| Aim of the task |
Each entry has to be set down again with no alteration.

[Items from a data source]

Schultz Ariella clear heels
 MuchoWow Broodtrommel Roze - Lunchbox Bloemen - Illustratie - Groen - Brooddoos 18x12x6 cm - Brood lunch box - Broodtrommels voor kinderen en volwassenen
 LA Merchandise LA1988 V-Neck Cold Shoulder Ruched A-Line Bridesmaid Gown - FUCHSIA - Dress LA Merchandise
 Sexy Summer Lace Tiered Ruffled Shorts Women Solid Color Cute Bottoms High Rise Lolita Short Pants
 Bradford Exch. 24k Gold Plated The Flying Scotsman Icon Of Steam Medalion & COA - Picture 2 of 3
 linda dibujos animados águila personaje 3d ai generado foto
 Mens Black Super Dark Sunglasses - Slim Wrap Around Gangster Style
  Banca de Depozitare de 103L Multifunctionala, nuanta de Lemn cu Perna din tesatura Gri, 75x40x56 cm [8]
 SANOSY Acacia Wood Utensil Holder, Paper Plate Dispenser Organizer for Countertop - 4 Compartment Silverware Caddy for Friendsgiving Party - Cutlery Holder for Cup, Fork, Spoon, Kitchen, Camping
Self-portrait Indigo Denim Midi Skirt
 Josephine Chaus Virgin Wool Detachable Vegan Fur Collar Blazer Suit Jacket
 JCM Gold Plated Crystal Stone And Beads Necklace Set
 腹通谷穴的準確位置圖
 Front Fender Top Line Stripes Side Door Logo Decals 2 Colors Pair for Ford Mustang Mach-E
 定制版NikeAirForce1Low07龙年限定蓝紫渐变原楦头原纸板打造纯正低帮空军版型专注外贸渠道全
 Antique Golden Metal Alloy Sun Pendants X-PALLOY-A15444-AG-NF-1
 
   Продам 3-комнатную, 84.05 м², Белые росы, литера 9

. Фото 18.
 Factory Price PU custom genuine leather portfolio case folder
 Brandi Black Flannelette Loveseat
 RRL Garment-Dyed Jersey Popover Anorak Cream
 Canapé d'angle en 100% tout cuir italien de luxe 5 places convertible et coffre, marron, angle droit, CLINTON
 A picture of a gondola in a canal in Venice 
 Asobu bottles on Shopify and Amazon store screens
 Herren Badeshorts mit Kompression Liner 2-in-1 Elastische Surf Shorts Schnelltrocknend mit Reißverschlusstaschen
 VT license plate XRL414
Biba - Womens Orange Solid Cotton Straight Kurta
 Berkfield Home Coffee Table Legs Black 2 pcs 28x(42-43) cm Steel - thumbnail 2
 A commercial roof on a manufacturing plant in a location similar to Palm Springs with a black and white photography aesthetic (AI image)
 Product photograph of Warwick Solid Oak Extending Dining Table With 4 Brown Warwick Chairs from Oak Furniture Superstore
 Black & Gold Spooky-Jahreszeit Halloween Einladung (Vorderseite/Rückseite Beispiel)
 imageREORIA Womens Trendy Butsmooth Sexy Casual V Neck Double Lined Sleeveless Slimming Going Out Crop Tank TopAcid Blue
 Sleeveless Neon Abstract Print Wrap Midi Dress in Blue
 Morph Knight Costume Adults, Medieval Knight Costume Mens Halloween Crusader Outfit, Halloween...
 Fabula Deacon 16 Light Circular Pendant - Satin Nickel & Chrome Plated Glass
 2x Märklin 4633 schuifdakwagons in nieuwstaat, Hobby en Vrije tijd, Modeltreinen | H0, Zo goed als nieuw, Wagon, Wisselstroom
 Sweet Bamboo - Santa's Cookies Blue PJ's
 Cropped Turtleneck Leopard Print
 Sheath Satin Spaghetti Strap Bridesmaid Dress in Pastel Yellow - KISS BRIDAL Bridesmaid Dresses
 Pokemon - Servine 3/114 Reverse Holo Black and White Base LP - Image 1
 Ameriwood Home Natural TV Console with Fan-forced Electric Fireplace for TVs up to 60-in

| Output below |
Schultz Ariella clear heels
 MuchoWow Broodtrommel Roze - Lunchbox Bloemen - Illustratie - Groen - Brooddoos 18x12x6 cm - Brood lunch box - Broodtrommels voor kinderen en volwassenen
 LA Merchandise LA1988 V-Neck Cold Shoulder Ruched A-Line Bridesmaid Gown - FUCHSIA - Dress LA Merchandise
 Sexy Summer Lace Tiered Ruffled Shorts Women Solid Color Cute Bottoms High Rise Lolita Short Pants
 Bradford Exch. 24k Gold Plated The Flying Scotsman Icon Of Steam Medalion & COA - Picture 2 of 3
 linda dibujos animados águila personaje 3d ai generado foto
 Mens Black Super Dark Sunglasses - Slim Wrap Around Gangster Style
  Banca de Depozitare de 103L Multifunctionala, nuanta de Lemn cu Perna din tesatura Gri, 75x40x56 cm [8]
 SANOSY Acacia Wood Utensil Holder, Paper Plate Dispenser Organizer for Countertop - 4 Compartment Silverware Caddy for Friendsgiving Party - Cutlery Holder for Cup, Fork, Spoon, Kitchen, Camping
Self-portrait Indigo Denim Midi Skirt
 Josephine Chaus Virgin Wool Detachable Vegan Fur Collar Blazer Suit Jacket
 JCM Gold Plated Crystal Stone And Beads Necklace Set
 腹通谷穴的準確位置圖
 Front Fender Top Line Stripes Side Door Logo Decals 2 Colors Pair for Ford Mustang Mach-E
 定制版NikeAirForce1Low07龙年限定蓝紫渐变原楦头原纸板打造纯正低帮空军版型专注外贸渠道全
 Antique Golden Metal Alloy Sun Pendants X-PALLOY-A15444-AG-NF-1
 
   Продам 3-комнатную, 84.05 м², Белые росы, литера 9

. Фото 18.
 Factory Price PU custom genuine leather portfolio case folder
 Brandi Black Flannelette Loveseat
 RRL Garment-Dyed Jersey Popover Anorak Cream
 Canapé d'angle en 100% tout cuir italien de luxe 5 places convertible et coffre, marron, angle droit, CLINTON
 A picture of a gondola in a canal in Venice 
 Asobu bottles on Shopify and Amazon store screens
 Herren Badeshorts mit Kompression Liner 2-in-1 Elastische Surf Shorts Schnelltrocknend mit Reißverschlusstaschen
 VT license plate XRL414
Biba - Womens Orange Solid Cotton Straight Kurta
 Berkfield Home Coffee Table Legs Black 2 pcs 28x(42-43) cm Steel - thumbnail 2
 A commercial roof on a manufacturing plant in a location similar to Palm Springs with a black and white photography aesthetic (AI image)
 Product photograph of Warwick Solid Oak Extending Dining Table With 4 Brown Warwick Chairs from Oak Furniture Superstore
 Black & Gold Spooky-Jahreszeit Halloween Einladung (Vorderseite/Rückseite Beispiel)
 imageREORIA Womens Trendy Butsmooth Sexy Casual V Neck Double Lined Sleeveless Slimming Going Out Crop Tank TopAcid Blue
 Sleeveless Neon Abstract Print Wrap Midi Dress in Blue
 Morph Knight Costume Adults, Medieval Knight Costume Mens Halloween Crusader Outfit, Halloween...
 Fabula Deacon 16 Light Circular Pendant - Satin Nickel & Chrome Plated Glass
 2x Märklin 4633 schuifdakwagons in nieuwstaat, Hobby en Vrije tijd, Modeltreinen | H0, Zo goed als nieuw, Wagon, Wisselstroom
 Sweet Bamboo - Santa's Cookies Blue PJ's
 Cropped Turtleneck Leopard Print
 Sheath Satin Spaghetti Strap Bridesmaid Dress in Pastel Yellow - KISS BRIDAL Bridesmaid Dresses
 Pokemon - Servine 3/114 Reverse Holo Black and White Base LP - Image 1
 Ameriwood Home Natural TV Console with Fan-forced Electric Fireplace for TVs up to 60-in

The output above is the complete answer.